Increasing your protein intake by augmenting your diet with a protein supplement generally comes down to making one crucial decision: protein bar vs shake. 

On the face of it, choosing between the two might not seem particularly weighted. After all, both options are excellent protein sources that can significantly boost your intake. They’re both popular, easy to get your hands on and available in a wide variety of flavors and styles that may also contain a wealth of other healthy nutrients. Aside from the fact that one is a cold, sippable drink and the other a quick snack, how different could they be?

A lot, as it turns out. In fact, you may be surprised to learn that protein bars and protein shakes are more different than they are alike. And depending on your reasons for turning to a protein supplement, they may not be equally suitable options. Understanding the differences between them can enable you to make the right decisions. Here’s what you should know. 

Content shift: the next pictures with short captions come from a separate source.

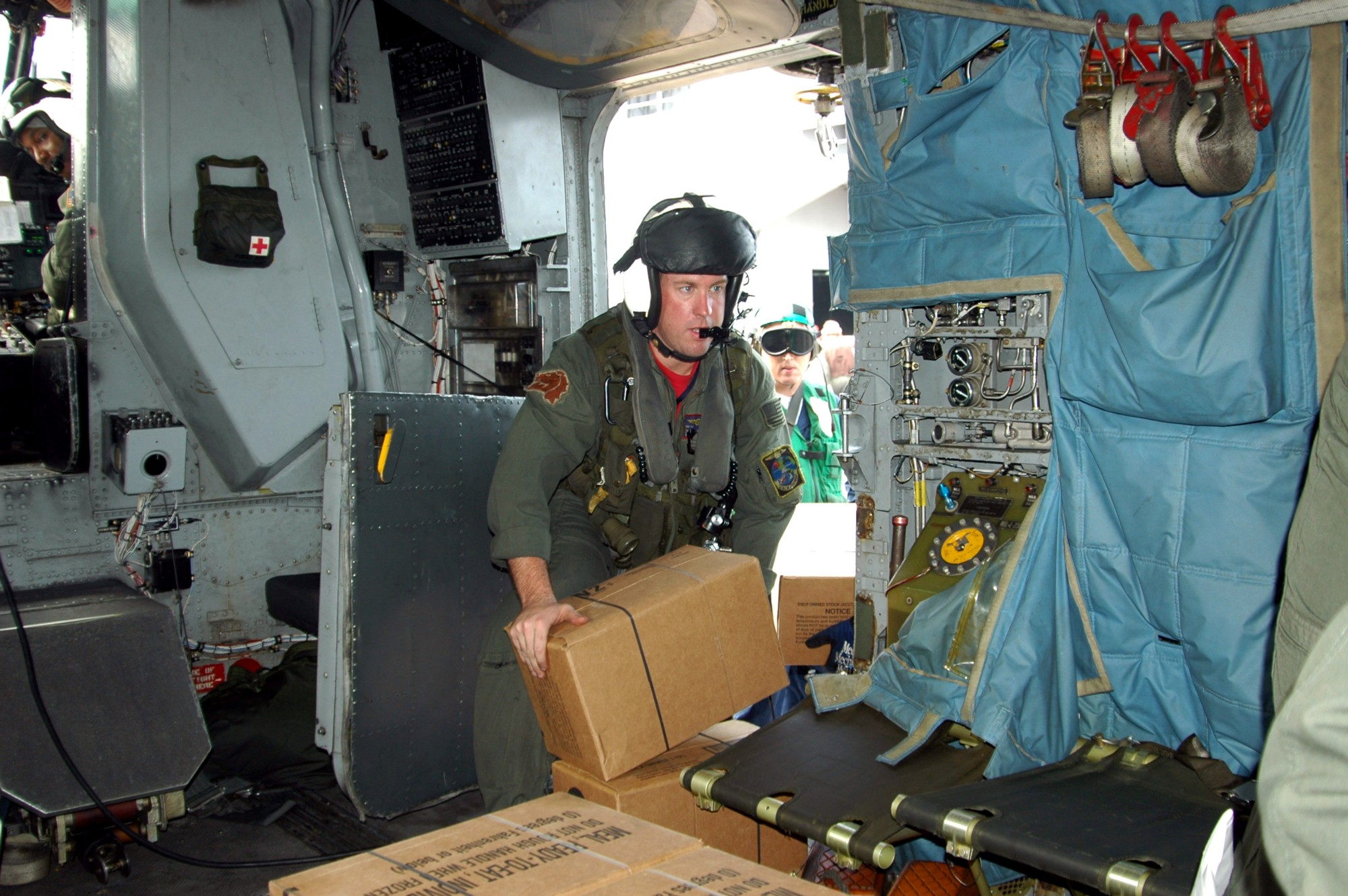 hm-14 vanguard helicopter mine countermeasures squadron navy mh-53e sea dragon 36 hurricane rita gulf of mexico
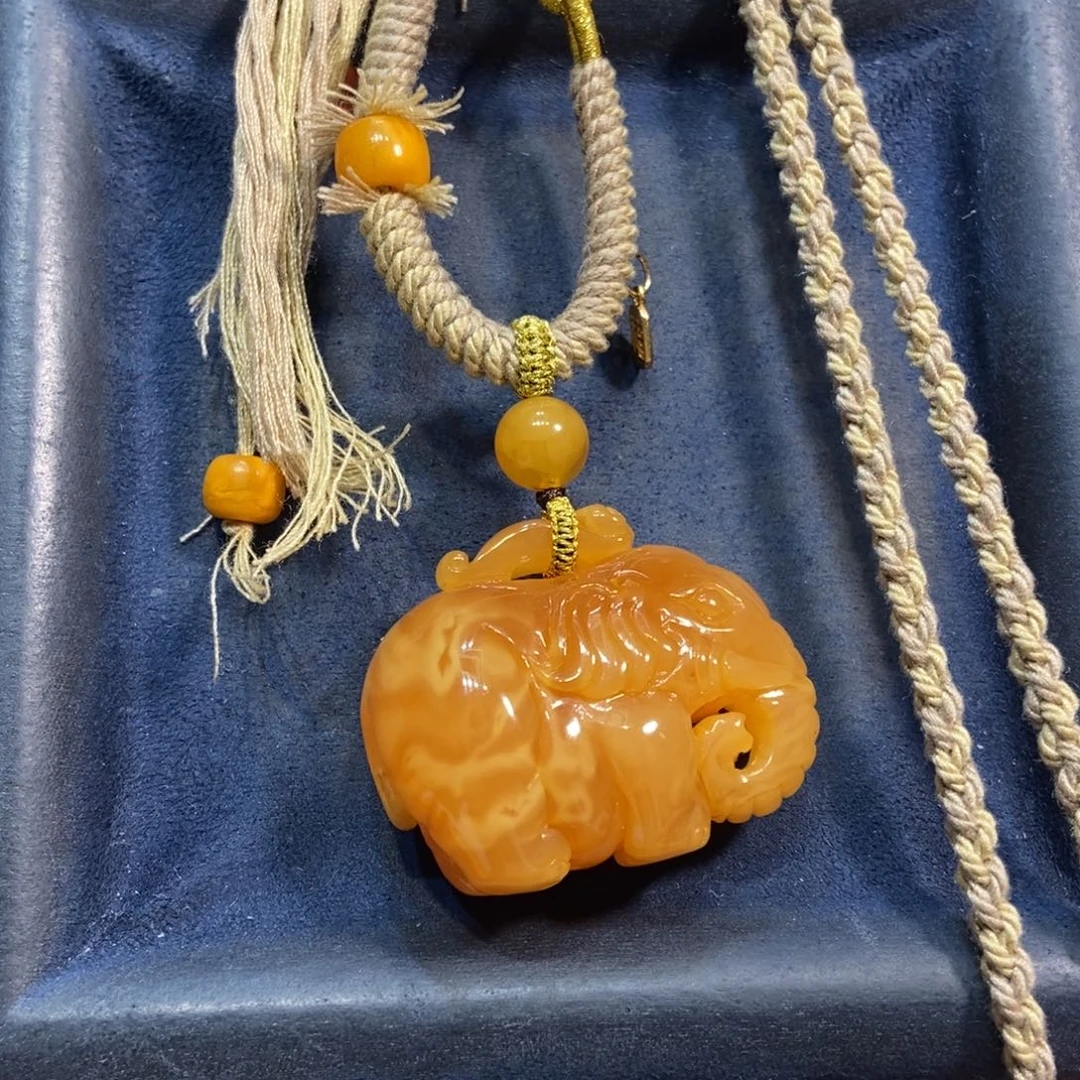 琥珀颈饰未镶嵌蜜蜡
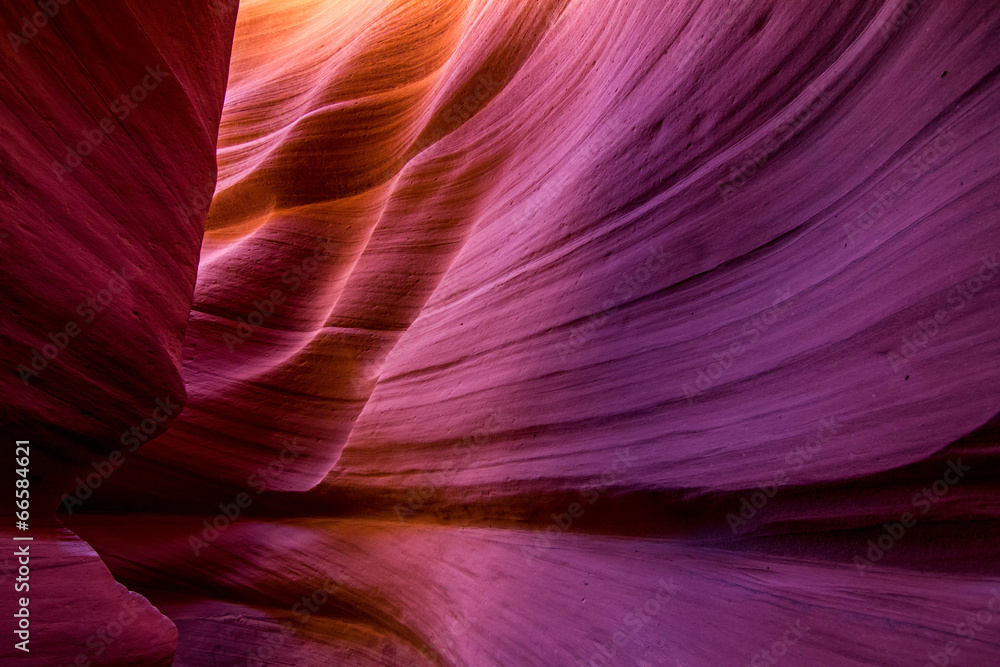 Wall mural antelope canyon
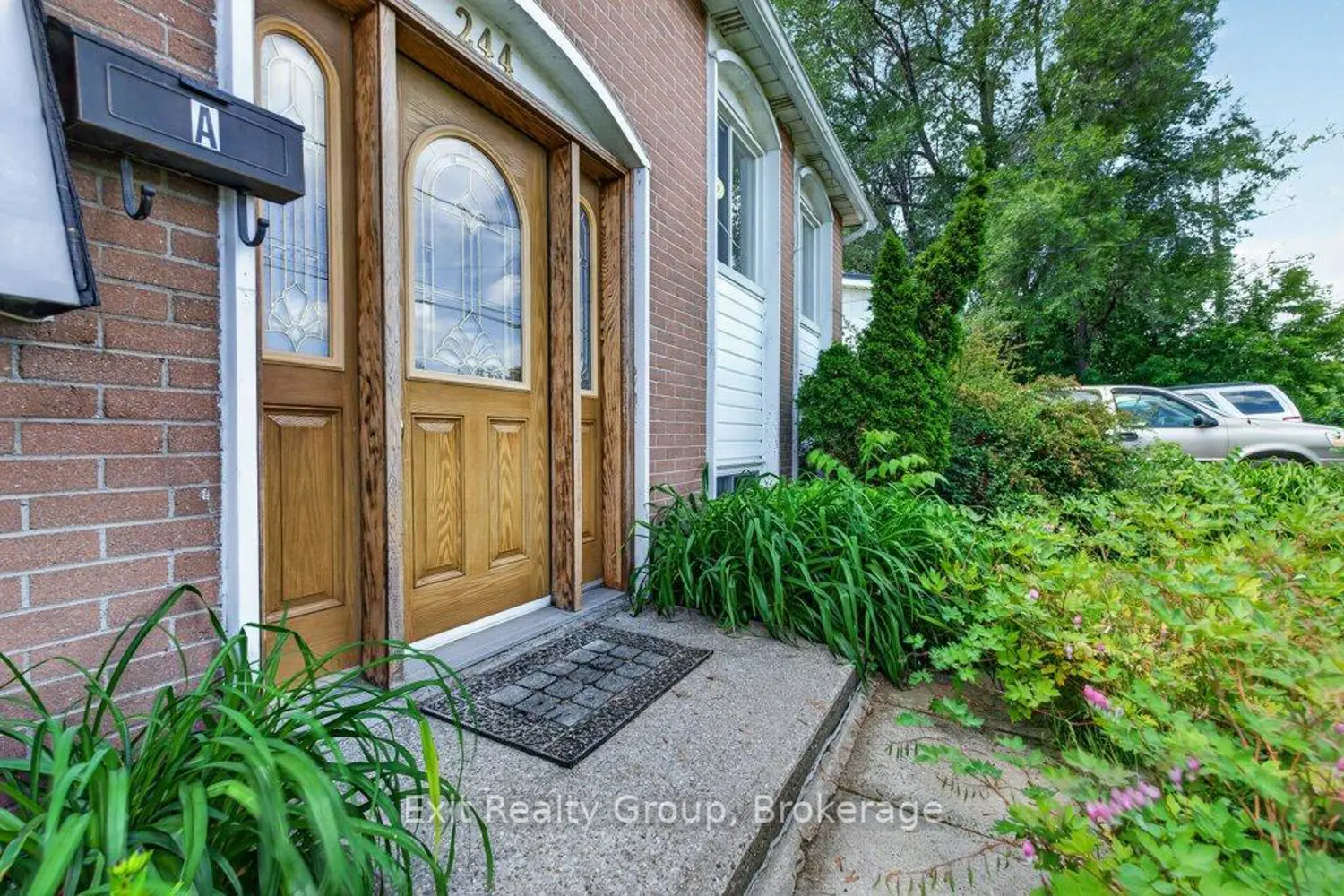244 Weller Avenue photo 3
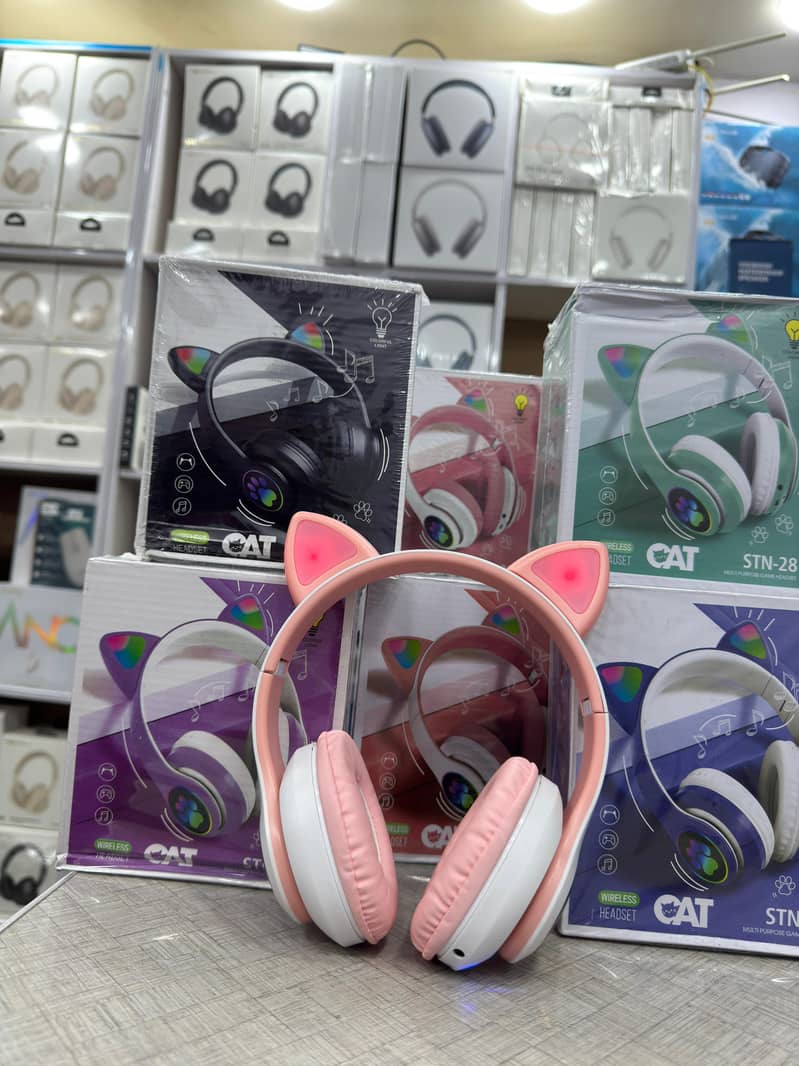 Bluetootooth/Wireless Bluetooth/Headphones 4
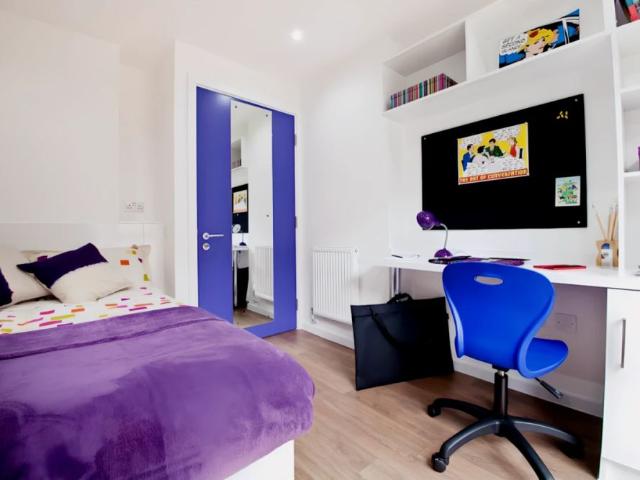 Room for rent in Hillside, Leith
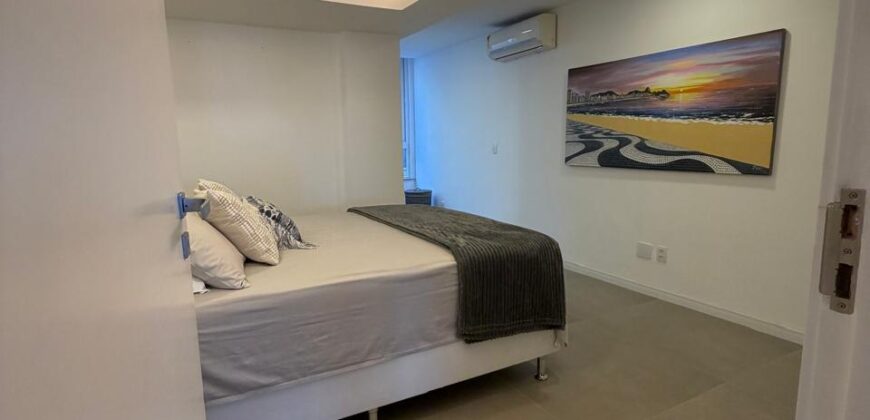 Apartamento Frente Mar no Leme – 110 m² | Vista Deslumbrante da Praia | Reformado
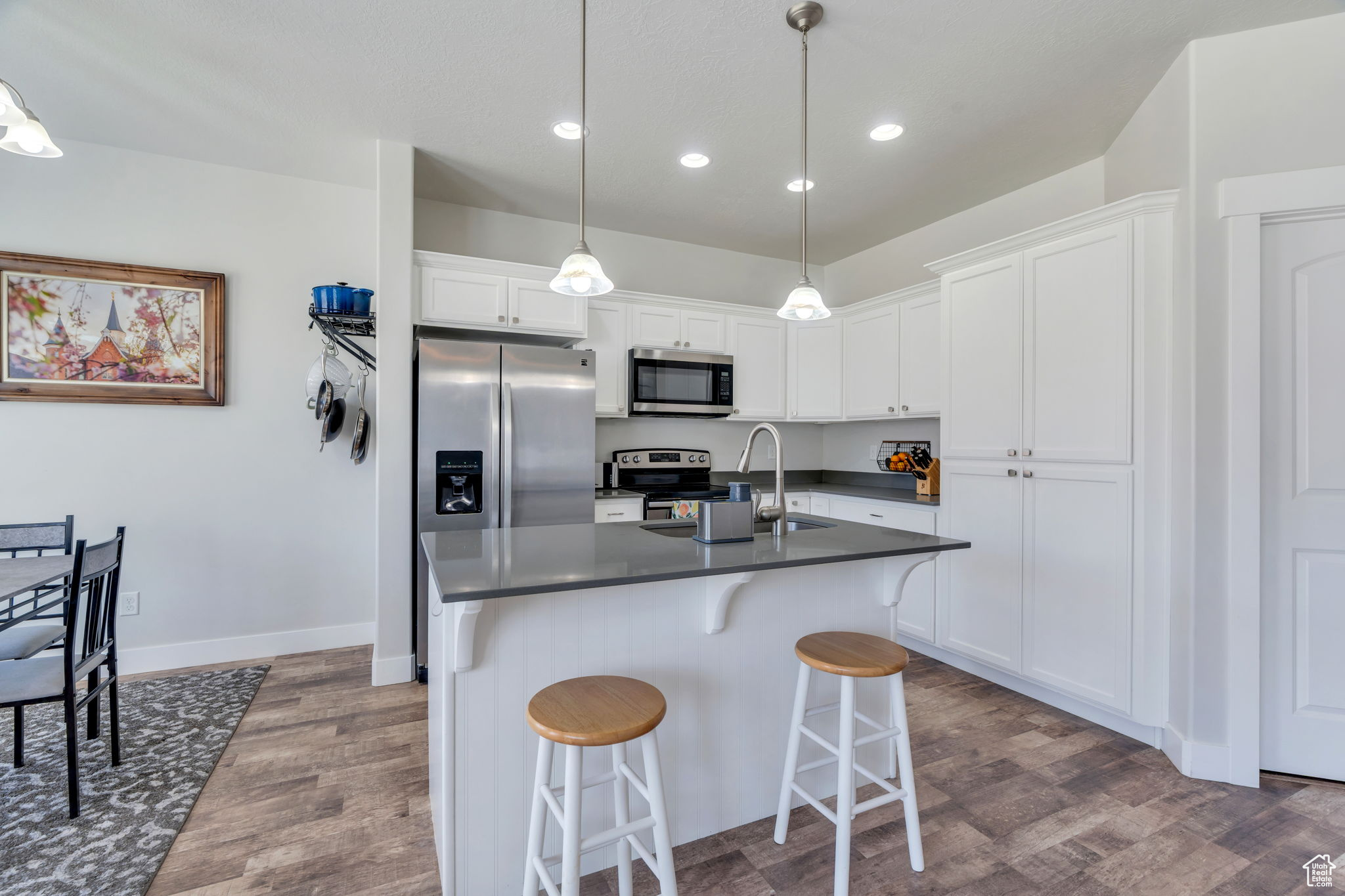 219 W SILVER SPRINGS DR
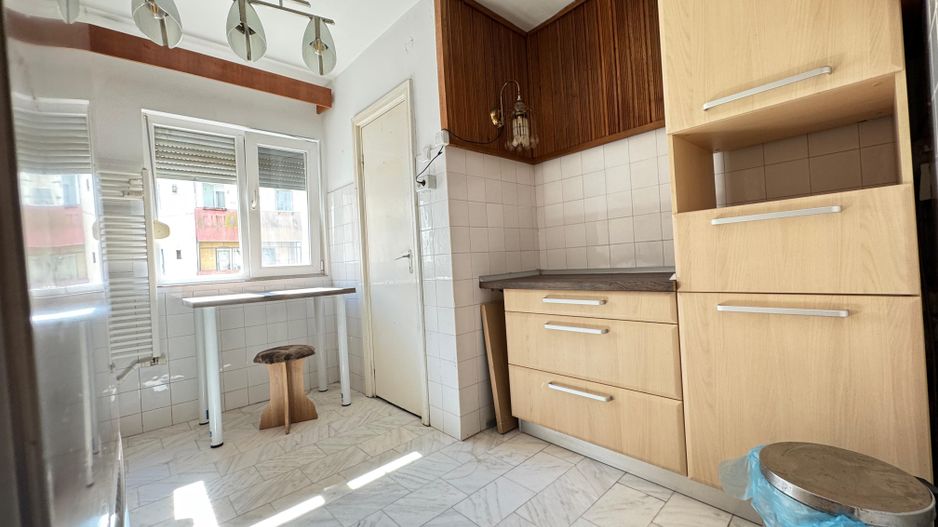 Apartament 3 camere-Spitalul Judetean-Girocului - Poză 2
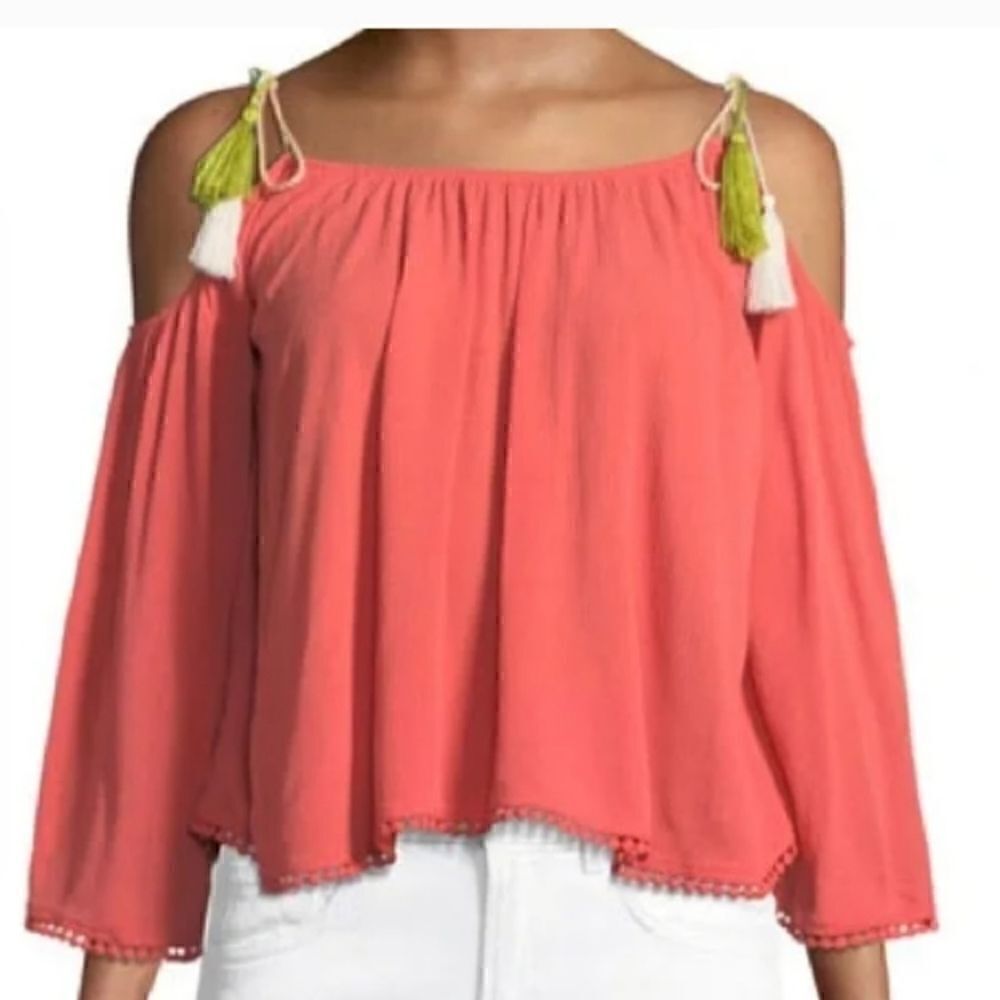 Cupcakes & Cashmere Bettie Cold Shoulder Top Small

The Differences Between Protein Shakes vs. Bars  

Although protein bars and shakes are both adequate protein supplements, their essential similarities end there. In almost every other regard, the two couldn’t be more different. And any one of their differences is likely to impact your decision. 

The general differences between protein bars vs shakes include:

  • The amount of protein they contain
  • How they are consumed 
  • Their overall nutritional value
  • The convenience they offer 

To an extent, the choice between them may be highly circumstantial, as both options have unique benefits, possible drawbacks and situational applications. Whether you have goals for exercise or weight loss can play a part, as can your time, interest or ability, to make a shake. And if a quick and convenient supplement is most important to you, that will factor into your decision as well.

To understand the differences between protein bars vs shakes, let’s take a closer look at the ingredients in each and how the benefits they have to offer. 

What Ingredients Are In Protein Bars?

There are potentially hundreds of different protein bars on the market, and the specific ingredients, protein content and nutritional value of each are likely to vary across brands and styles.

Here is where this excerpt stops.